Penso que o eixo básico do filme gira em torno dessa questão: como esse processo de constituição do “eu” se deu com dois sujeitos, o Ennis Del Mar e o Jack Twist, numa sociedade na qual o sentimento generalizado de homofobia era muito intenso (o meio-oeste americano) e de que maneira tal constituição veio a determinar as suas escolhas amorosas.

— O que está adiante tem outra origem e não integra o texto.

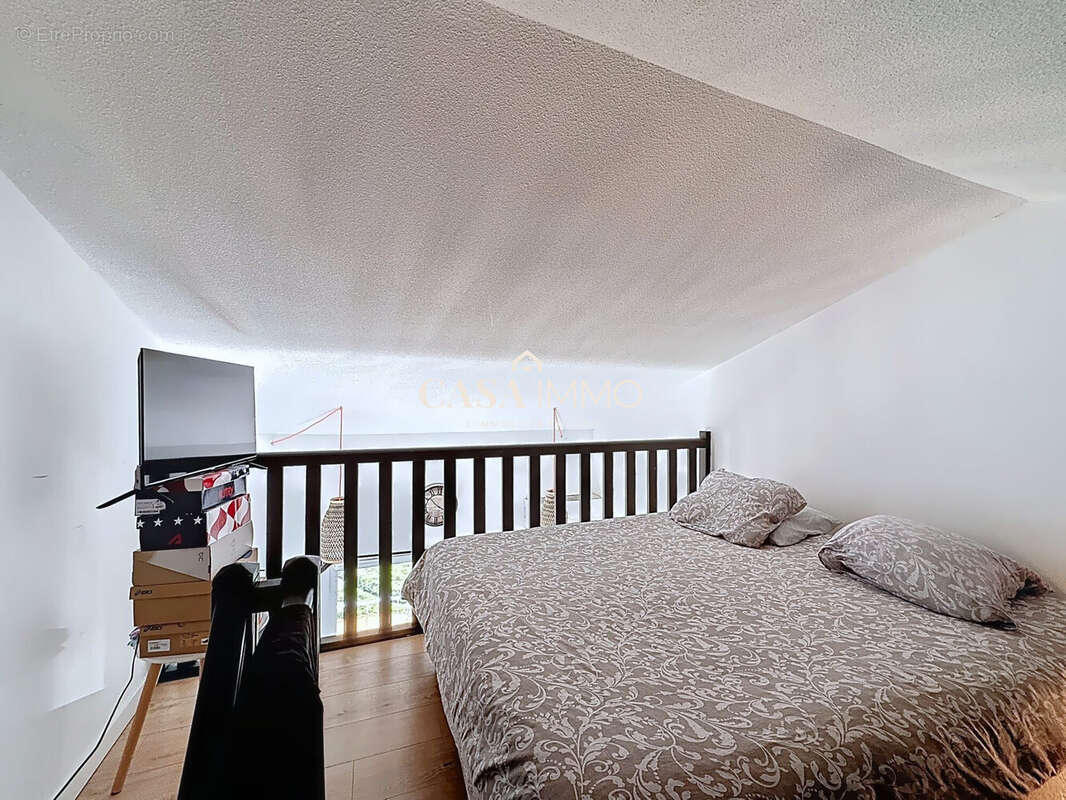 Appartement à CARQUEIRANNE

O pai do Ennis, quando este era um menino, fez questão de levá-lo para ver o que tinha ocorrido com um sujeito do local que tinha se permitido prazeres homossexuais: fora arrastado pelo pênis, até este ser arrancado e ele ser morto. Uma experiência brutal como essa, para uma criança, tem dois efeitos contraditórios: de um lado, infunde um horror aos impulsos homossexuais, fortalecendo a repressão dos mesmos; de outro, frisa, sublinha, dá muita significância a esses impulsos, dificultando a repressão. Esse pai morre e o Ennis adolescente passa a ser cuidado pelos irmãos, estes talvez com menor furor repressor e menor horror à homossexualidade. Assim, ajudado por esses irmãos provavelmente de uma forma mais “suficientemente boa” que por aquele pai brutal, o Ennis, ao se tornar adulto, consegue uma razoável repressão de seus impulsos homossexuais, namora com a Alma, elegendo-a como seu objeto heterossexual e pretendendo casar-se com ela. Alguns meses antes do casamento, ele encontra trabalho como pastor de ovelhas em Brokeback Mountain, um lugar deslumbrante e paradisíaco.

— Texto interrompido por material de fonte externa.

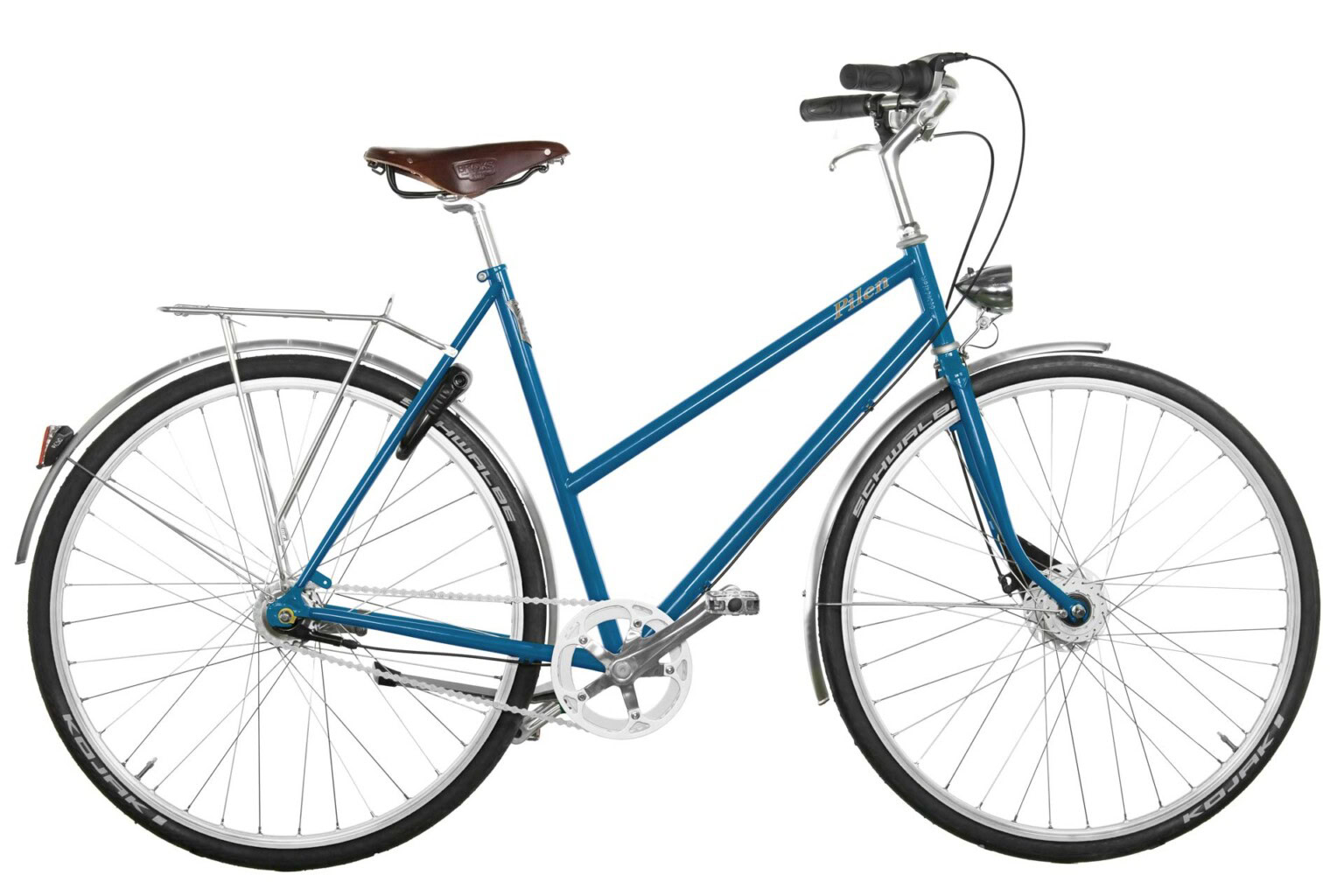 Pilen GT dam Blå RAL 5001. Silverfälgar. Roterande kedjeskydd. Extrautrustad: Plusfärg Blå RAL 5001, sadel Brooks B17 brun i äkta läder och däck Schwalbe Kojak.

As informações sobre a história de Jack nos chegam mais no final do filme. Ele era filho único de uma família extremamente rígida e conservadora (“eles morrerão lá”), na qual imperava um pai duro e árido de sentimentos, que cospe quando se refere a aspectos homossexuais do filho. “Ele nunca me ensinou nada, nunca me deu nada”, isto é, esse pai não tinha condições psíquicas de se oferecer como modelo identificatório para esse filho. Sua mãe era o pólo amoroso da relação, capaz de sentimentos, porém subjugada e tolhida por esse pai gélido. Talvez para o Jack tenha sido mais tumultuada e menos eficaz a repressão dos seus aspectos homossexuais (ele não teve a mesma “sorte” do Ennis, que perdeu o pai). Seus impulsos homossexuais permaneceram mais à flor da pele, juntamente com uma maior identificação com a capacidade da mãe de expressar amor.
Penso que tais antecedentes eram responsáveis por arranjos mentais razoavelmente diferentes entre o Ennis e o Jack, no que diz respeito às vias pelas quais cada um deles poderia dar vazão aos seus impulsos amorosos.
Para o Ennis, a via homossexual estava lá, mas obscurecida, minimizada, e a via heterossexual chegou a se constituir de uma forma mais consistente. Ele estava certo de conseguir estruturar uma vida com mulher e filhos (“vou me casar com a Alma”), adaptado, enquadrado nos “tem ques” do seu meio social (não podemos matar uma ovelha para comer, estamos aqui para cuidar delas, não para matá-las, eu fico com os feijões mesmo). Esse enquadramento talvez até o ajudasse a completar a repressão dos remanescentes impulsos homossexuais, protegendo-o, assim, do terrível fantasma da morte por arrancamento do pênis, ou algo equivalente.
Já com o Jack, o arranjo mental era diferente. A via homossexual parece ter permanecido bastante significativa para ele e a heterossexual, muito fragilmente estruturada. Ele não foi até a Lureen; ela teve que vir até ele e dizer: ”o que espera, cowboy, um convite para acasalamento?” Ela o forçou a usar a frágil via heterossexual e ele se deixou levar por ela, talvez aguardando que dessa forma a via homossexual fosse se fragilizando e ele viesse a se adequar à cobrança do seu meio familiar e social.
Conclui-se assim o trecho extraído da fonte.